[LLVMdev] RFC: change BoundsChecking.cpp to use address-based tests

Mon Nov 26 15:24:09 PST 2012

Hi Kevin,

Thanks for your interest and for your deep analysis.

Unfortunately, your approach doesn't catch all bugs and is vulnerable to an 
attack.
Consider the following case:

 ...................... | ----- obj --- | |
  end ^                        ptr ^   ^ end-of-memory

The scenario is as follows:
 - an object is allocated in the last page of the address space
 - obj is byte addressable (e.g., a char buffer)
 - ptr points to the last few bytes of the address space (with a large 
offset, but starting in bounds)
 - the information read/written is large and therefore there's an overflow 
in the memory addresses that are accessed.

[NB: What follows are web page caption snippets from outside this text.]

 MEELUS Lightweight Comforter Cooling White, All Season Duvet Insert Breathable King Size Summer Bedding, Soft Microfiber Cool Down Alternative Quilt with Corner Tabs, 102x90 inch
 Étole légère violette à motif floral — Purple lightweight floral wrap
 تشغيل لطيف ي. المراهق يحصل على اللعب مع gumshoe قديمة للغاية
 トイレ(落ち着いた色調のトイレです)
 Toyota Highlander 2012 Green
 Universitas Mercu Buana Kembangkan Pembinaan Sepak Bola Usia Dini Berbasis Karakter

In this case, you'll have ptr > lowerbound and end < upperbound. The bad 
part is that end < ptr.

I thought a bit on the subject and I couldn't find any solution with just 2 
branches.
The exception I found is if the size of an allocated object is always 
smaller than half of the address space (which seems a reasonable assumption 
to me, but I didn't discussed it with anyone else).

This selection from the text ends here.